A rising star in the Democratic Party announced suddenly he will be withdrawing from the race for mayor in Kansas City in order to seek further treatment for depression and post-traumatic stress disorder.
Jason Kander, 37, wrote a lengthy letter on his Facebook page Tuesday afternoon announcing the surprising departure and going into painful detail about his struggles dealing with his time spent in Afghanistan 11 years ago as an Army intelligence officer.
"I finally went to the VA in Kansas City yesterday and have started the process to get help there regularly," Kander wrote. "To allow me to concentrate on my mental health, I’ve decided that I will not be running for mayor of Kansas City. I truly appreciate all the support so many people in Kansas City and across the country have shown me since I started this campaign. But I can’t work on myself and run a campaign the way I want to at the same time, so I’m choosing to work on my depression."
Kander will also be stepping away from his nonprofit, Let America Vote, which he formed in February 2017 to increase voter turnout and end voter suppression. He's served as president since its founding.
"I’ll also be taking a step back from day-to-day operations at Let America Vote for the time being, but the organization will continue moving forward," he said. "We are doing vital work across the country to stop voter suppression and will keep doing so through November and beyond."
The former Army captain and former Missouri Secretary of State announced he would be running for mayor of Kansas City in July at a press conference from the Negro Leagues Baseball Museum. Election day is not until June 25, 2019.
Kander joined the Army immediately following the Sept. 11 attacks.

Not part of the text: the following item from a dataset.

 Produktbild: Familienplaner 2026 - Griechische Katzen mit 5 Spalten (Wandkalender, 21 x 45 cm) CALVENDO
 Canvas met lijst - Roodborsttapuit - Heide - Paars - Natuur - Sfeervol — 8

He said he first contacted Veterans Affairs looking for help four months ago, saying he knew something was "deeply wrong," but wrote in Tuesday's letter he did not admit to the true seriousness of his symptoms in paperwork he filled out.

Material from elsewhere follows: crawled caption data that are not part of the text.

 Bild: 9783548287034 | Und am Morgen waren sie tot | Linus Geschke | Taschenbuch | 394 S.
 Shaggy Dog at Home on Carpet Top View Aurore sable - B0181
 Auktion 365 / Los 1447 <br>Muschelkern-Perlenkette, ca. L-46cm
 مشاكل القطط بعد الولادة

"So many men and women who served our country did so much more than me and were in so much more danger than I was on my four-month tour," he wrote. "I can’t have PTSD, I told myself, because I didn’t earn it."
The 37-year-old actually wrote a book, "Outside the Wire," which was released in August and he said he was lucky not to suffer from PTSD. He admitted Tuesday the claim was to prevent a stigma and avoid a negative impact on his political career.

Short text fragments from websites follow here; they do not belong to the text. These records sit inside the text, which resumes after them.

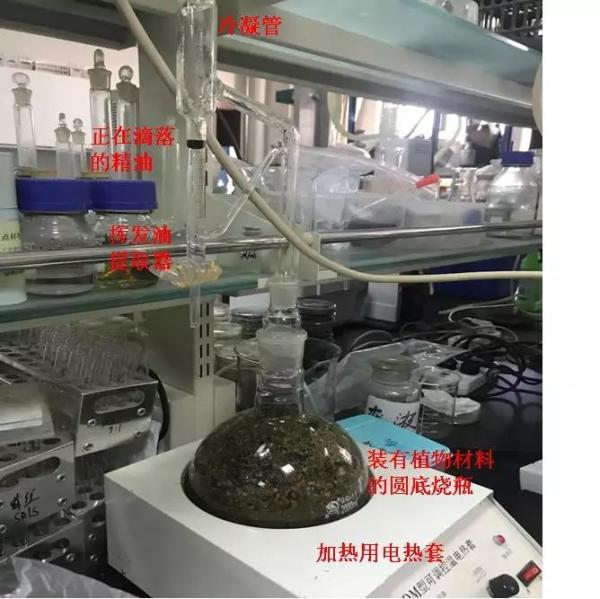 按摩精油的功效与作用,艾草精油的功效与作用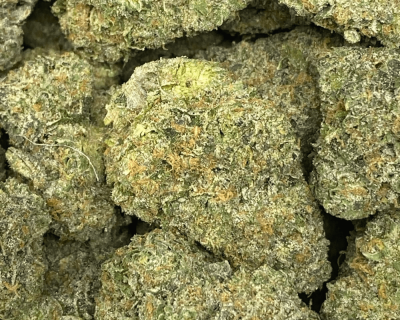 CHAMPAGNE GELATO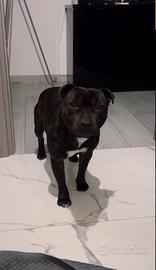 Staffordshire bull terrier
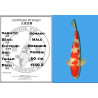 Koï Japon Kohaku Yonsai éleveur Hoskikin taille 60 cm Mâle 1 750,00 €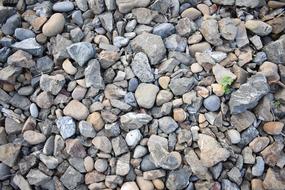 Rocks Beach Outdoor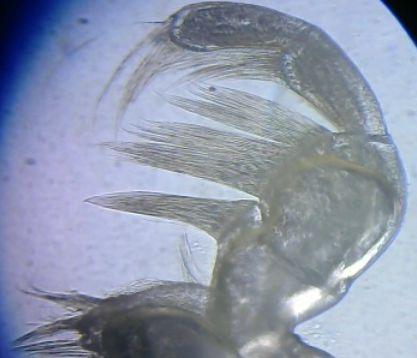 Réf. 170 962 : Sphaeroma serratum
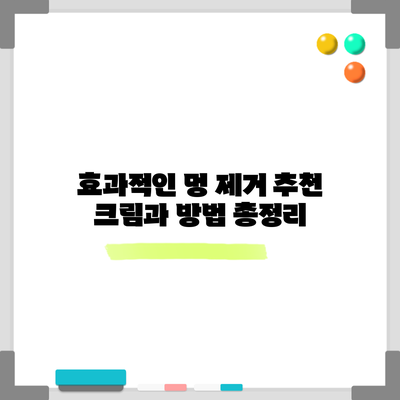 효과적인 멍 제거: 추천 크림과 방법 총정리
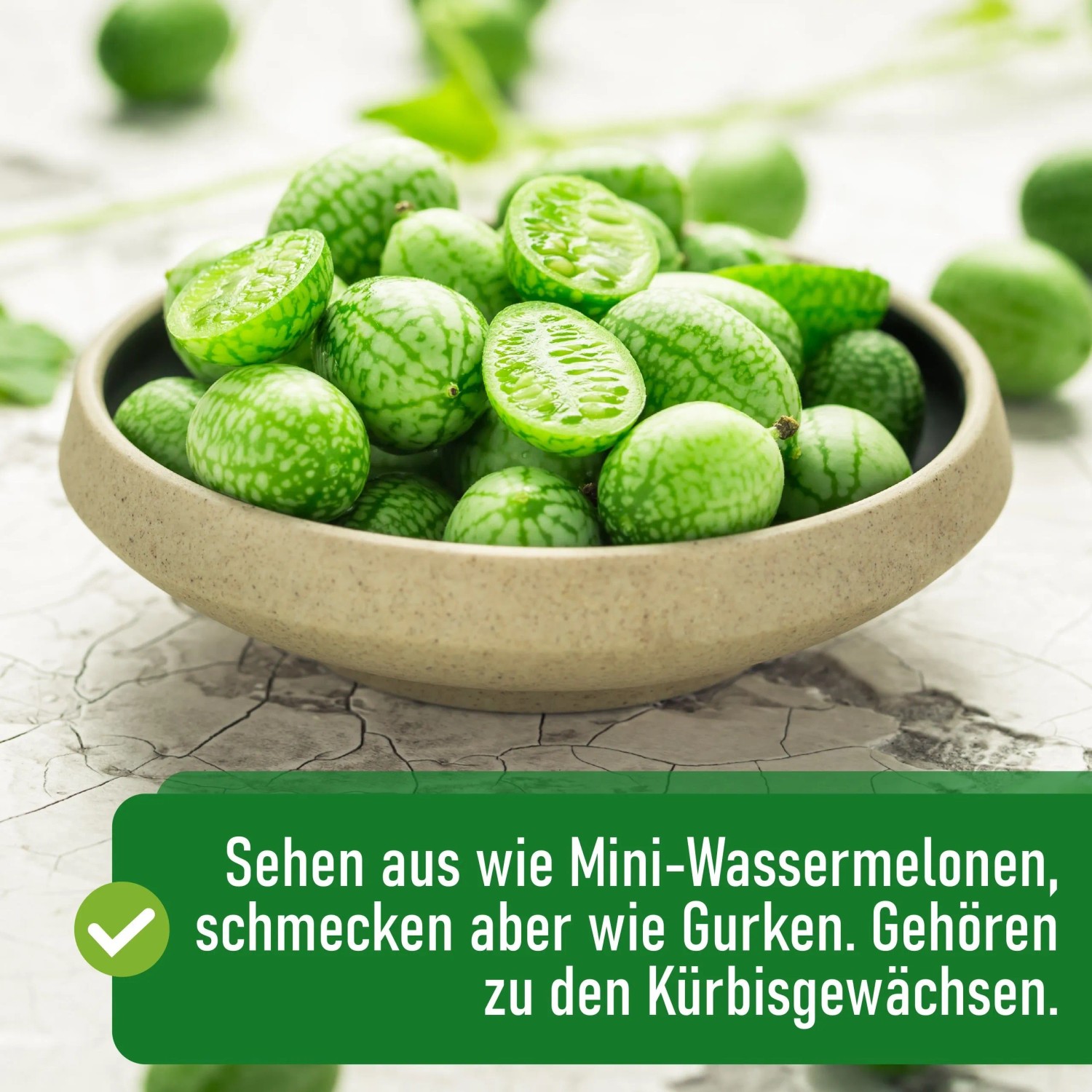 Schale mit grünen, gestreiften Mexikanischen Minigurken, die wie Mini-Wassermelonen aussehen, einige halbiert.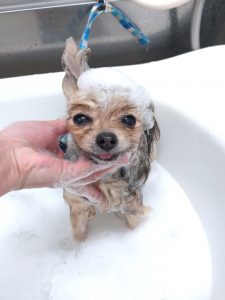 20260203_125458_copy_2671x3563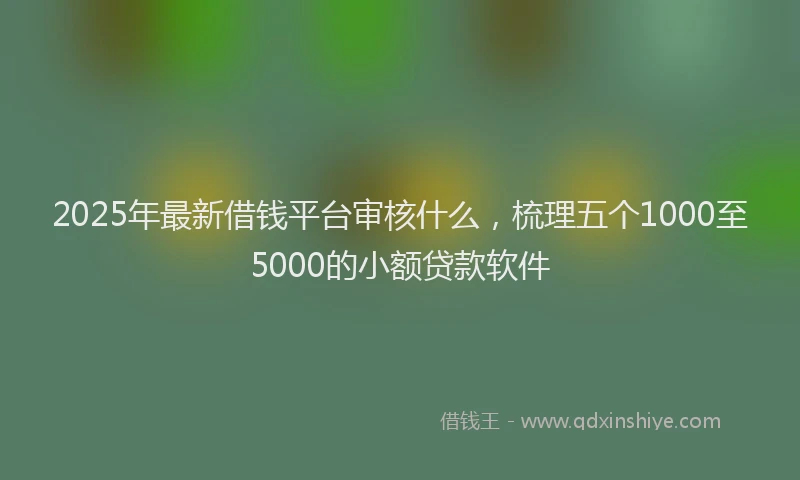 2025年最新借钱平台审核什么，梳理五个1000至5000的小额贷款软件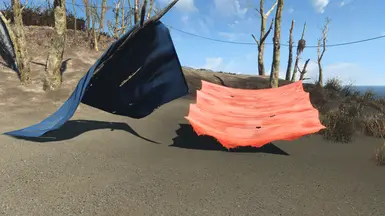 Tent and Diamond City Tarp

Kander ran unsuccessfully for the U.S. Senate in 2016, losing to Republican Roy Blunt by fewer than 3 percentage points in the typically red state.
Former President Barack Obama singled out Kander as a future presidential candidate in a January 2017 interview with "Pod Saves America."
"I’ll close by saying this isn’t goodbye," Kander wrote Tuesday. "Once I work through my mental health challenges, I fully intend to be working shoulder to shoulder with all of you again. But I’m passing my oar to you for a bit. I hope you’ll grab it and fight like hell to make this country the place we know it can be."